In an inverter used for railroad or industrial applications, an initial estimation of a rotor position is necessary when activating an inverter from a coasting operation, or at the time of recovery from an instantaneous power failure, etc. In this case, a method of estimating the rotor position by controlling a switching pattern of the inverter upon reactivation to observe an electric current generated by short circuiting the coil, and a method of estimating the rotor position by suppressing an electric current generated by a magnet induced voltage to zero and then utilizing a feature quantity generated are suggested.
Furthermore, as a free run reactivation system for a permanent magnet synchronization motor (PMSM), a method of estimating the rotor position by switching an inverter circuit so as to output a non-zero voltage vector, and using one formula regardless of a motor speed is suggested.

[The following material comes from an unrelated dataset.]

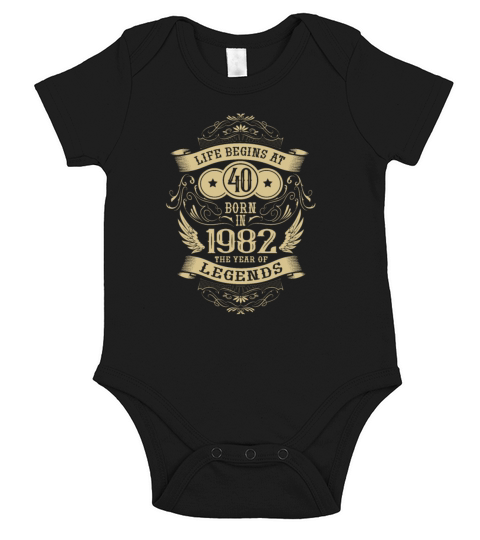 Life begins at 40 Vintage 1982 Birthday Vintage Short Sleeve Baby One-Piece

In the case of controlling, for example, a synchronous reluctance motor (SynRM) as an electric motor, an inductance is significantly changed depending on the electric current to be supplied. In the PMSM, since the rotor includes a magnet, a center bridge of the rotor is always in a magnetic saturation state. Therefore, the change in inductance with respect to a change in an electric current (dynamic inductance) is small. In contrast, in the SynRM, since a magnetic saturation is enhanced at the center bridge of the rotor by supplying an electric current, the change in inductance with respect to the change in the electric current becomes greater than in the PMSM.
When performing the sensorless control, for example, in the case of using an inductance, as a parameter for control, when a magnetic saturation is not occurred, since a gap will occur between the actual motor parameter and the parameter for control, a rotation phase of the electric motor would not be accurately calculated, thereby disabling or destabilizing the sensorless control.